* [DATA TO EXAMINE]:
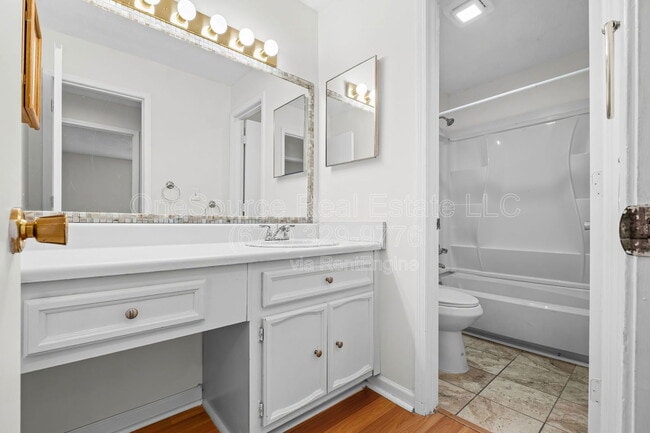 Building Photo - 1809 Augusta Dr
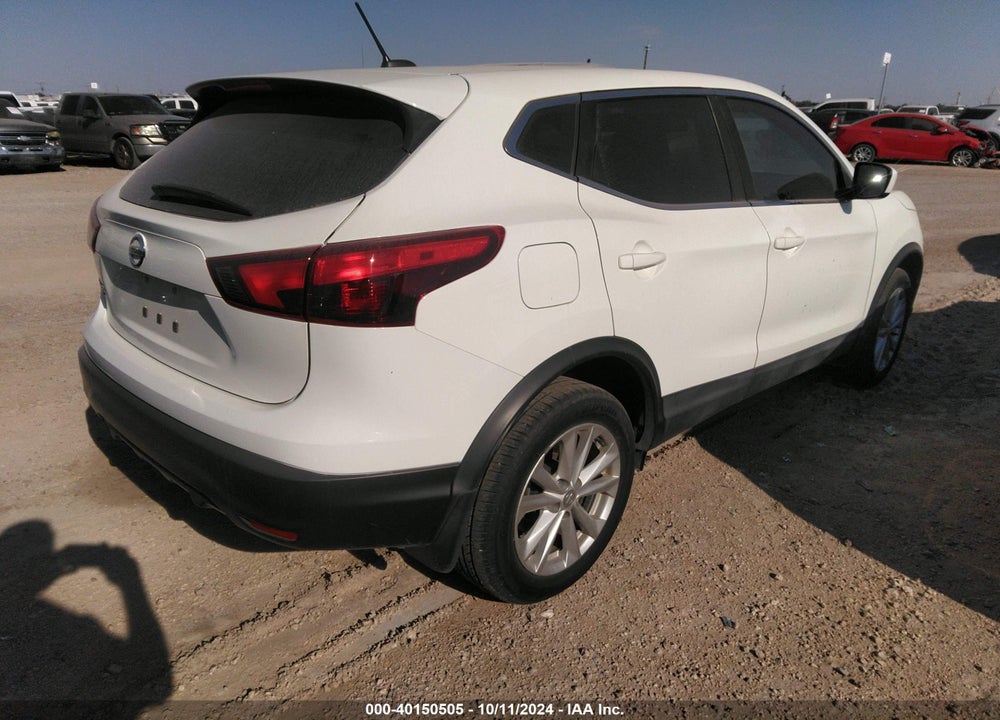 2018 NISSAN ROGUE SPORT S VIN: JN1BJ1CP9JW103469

...

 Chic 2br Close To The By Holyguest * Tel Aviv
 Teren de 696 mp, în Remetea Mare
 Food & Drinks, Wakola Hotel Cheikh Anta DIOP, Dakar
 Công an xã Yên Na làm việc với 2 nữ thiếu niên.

* [INSTRUCTIONS FOR THE TASK]: What should come back is an exact copy of the lines above from the line with "Building Photo - 1809 Augusta Dr" to the line with "2018 NISSAN ROGUE", both included, minus the pictures.

* [YOUR RESPONSE]:
 Building Photo - 1809 Augusta Dr
 2018 NISSAN ROGUE SPORT S VIN: JN1BJ1CP9JW103469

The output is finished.